TASK TO COMPLETE: In the entries that follow, find the line containing "ROCKFORD FOSGATE P2D2-10" and the line containing "Sportamore Kettlebell 4 kg red erbjuda", then copy exactly everything from the first through the second except the pictures.

INPUT:
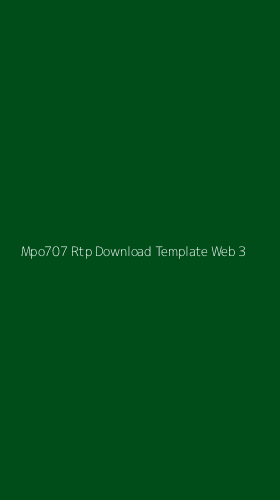 Tampilan Antarmuka Aplikasi Mpo707 Rtp Download Template Web - 3
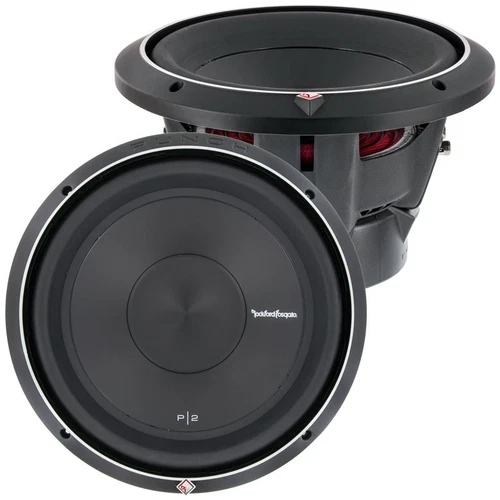 ROCKFORD FOSGATE P2D2-10 / PUNCH P2 10" DUAL VOICE COIL 2-OHM SUBWOOFER  **NEW**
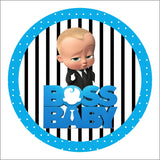 Boss Baby Birthday Party Thank You Gift Tags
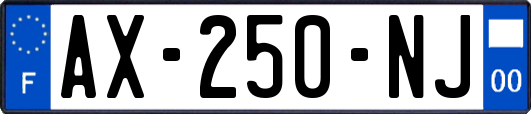 AX-250-NJ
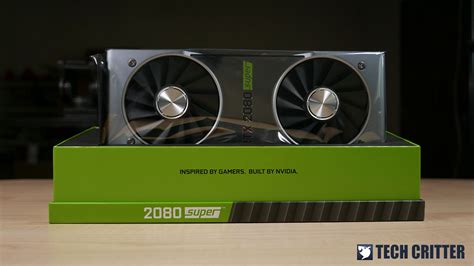 Nvidia Geforce Rtx 2080 Super Founders Edition Review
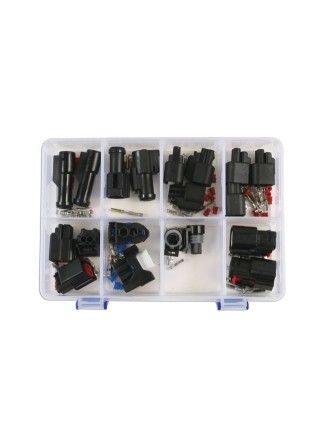 Kit de connecteur électrique Ford assorti 19pc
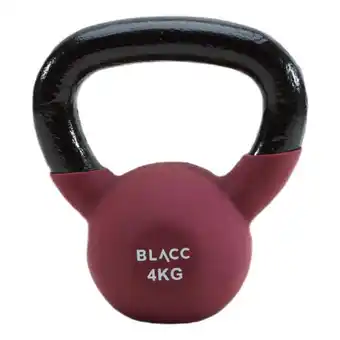 Sportamore Kettlebell 4 kg red erbjuda
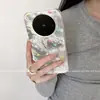 Adecuado para Funda de Teléfono Móvil Vivox300, Estilo Coreano Simple, Protección de Borde Completo, X200Promini, Anticaídas, Color Rosa Lunares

WORKED SOLUTION:
 ROCKFORD FOSGATE P2D2-10 / PUNCH P2 10" DUAL VOICE COIL 2-OHM SUBWOOFER  **NEW**
 Boss Baby Birthday Party Thank You Gift Tags
 AX-250-NJ
 Nvidia Geforce Rtx 2080 Super Founders Edition Review
 Kit de connecteur électrique Ford assorti 19pc
 Sportamore Kettlebell 4 kg red erbjuda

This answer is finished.